Bug #87832 Relay_Log_Space is inaccurate and leaks
Submitted: 22 Sep 2017 5:20 Modified: 12 Nov 2018 15:48
Reporter: Manuel Ung Email Updates:
Status: Closed Impact on me:
None 
Category:MySQL Server: Replication Severity:S3 (Non-critical)
Version:5.6 5.7 OS:Any
Assigned to: CPU Architecture:Any

[22 Sep 2017 5:20] Manuel Ung
Description:
The Relay_Log_Space variable as shown in SHOW SLAVE STATUS is sometimes much higher than the actual disk space used by relay logs. This is because we are not writing to Relay_log_info::log_space_total in a synchronized manner.

What can happen is the following:

log_space_total is 1000

IO thread reads log_space_total to be 1000 and adds 100 to get 1100
SQL thread purges, subtracts 1000 and writes 100 to log_space_total.
IO thread writes 1100 to log_space_total

How to repeat:
To confirm that the two codepaths can be entered executed concurrently, add a sleep in MYSQL_BIN_LOG::purge_logs_in_list and confirm that the IO thread can still modify log_space_total without blocking.

Suggested fix:
Add locks or use atomic variables.
[28 Sep 2017 10:45] Manuel Ung
Another effect of this bug is that the counter underflows when some additions get lost, giving some huge number.
[19 Oct 2017 17:09] MySQL Verification Team
Hi,
Yes, I can confirm/verify this behavior.
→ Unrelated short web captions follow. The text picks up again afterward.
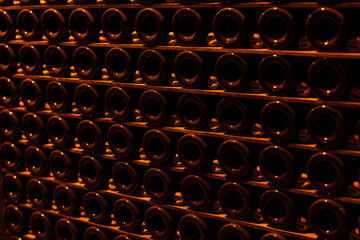 Obraz premium Wall of champagne bottles aging in a cellar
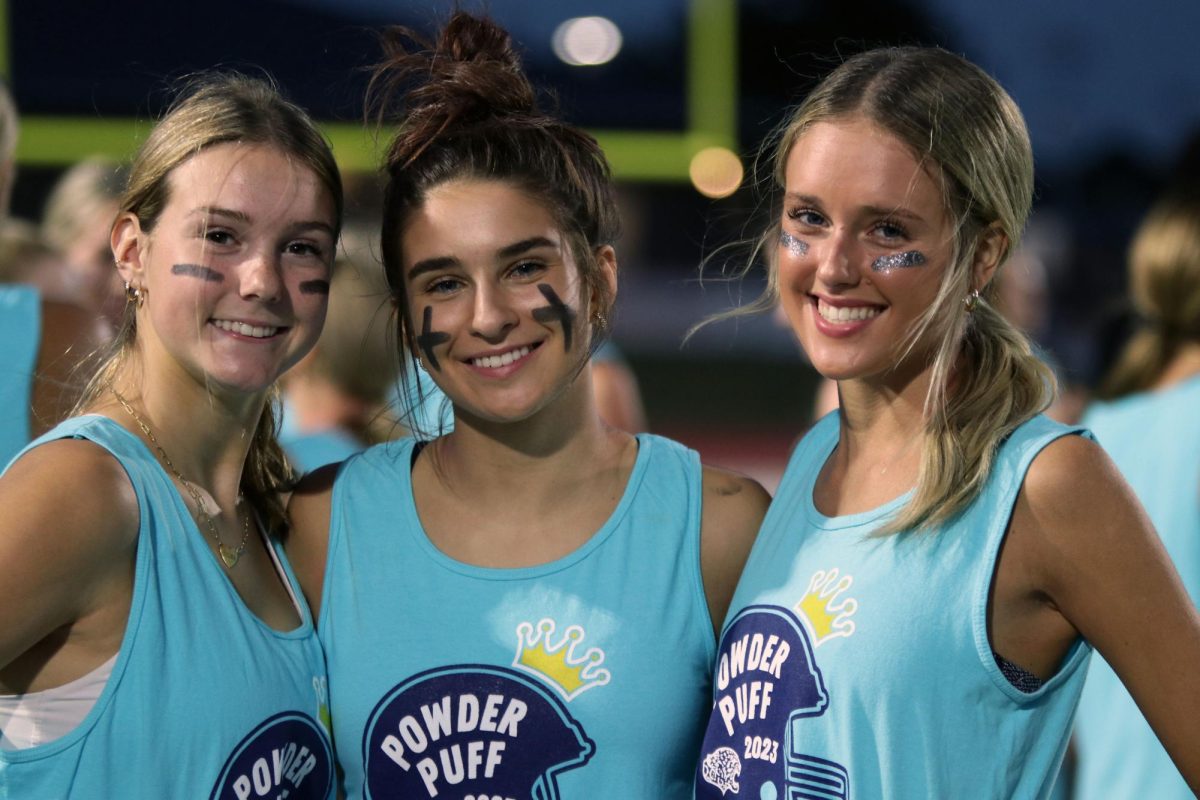 With big smiles senior Gracie Bowline, Abby Wolff and Makenna Payne celebrate their victory over the juniors.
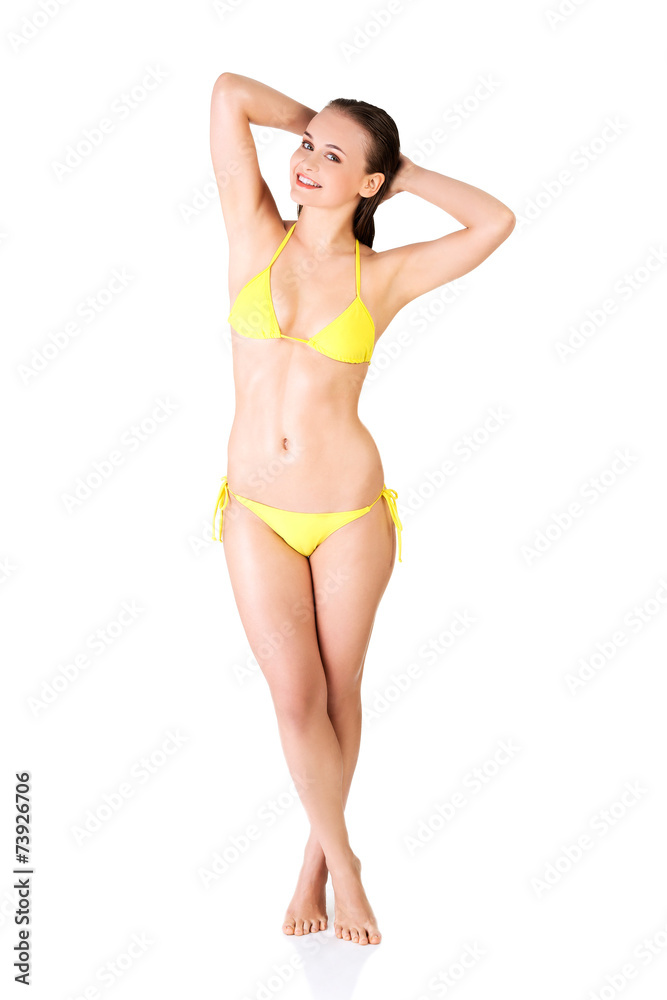 Full length woman in bikini looking at the camera Full length woman in bikini looking at the camera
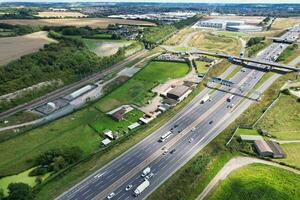 High Angle View of British Motorways and Highways and Traffic on M1 Junction 11a of Luton and Dunstable England UK. Image Was Captured on August 15th, 2023 photo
Now I don't agree with proposed solution as it would have negative performance impact to the system. Anyhow I'm verifying it and I'll let the replication team decide how they want to handle this.

best regards
Bogdan
[1 Jun 2018 22:13] Manuel Ung
Any updates with this? We just use std::atomic and that performs pretty well.
[12 Nov 2018 15:48] Margaret Fisher
Posted by developer:
 
Changelog entry added for MySQL 8.0.14, 5.7.25 and 5.6.43:

The value returned by a SHOW SLAVE STATUS statement for the total combined size of all existing relay log files (Relay_Log_Space) could become much larger than the actual disk space used by the relay log files. The I/O thread did not lock the variable while it updated the value, so the SQL thread could automatically delete a relay log file and write a reduced value before the I/O thread finished updating the value. The I/O thread then wrote its original size calculation, ignoring the SQL thread's update and so adding back the space for the deleted file. The Relay_Log_Space value is now locked during updates to prevent concurrent updates and ensure an accurate calculation.
[10 Jun 2021 6:12] chao gao
this bug fix lead to io thread response semi ack to master block about 200 ms when sql thread purge relay log.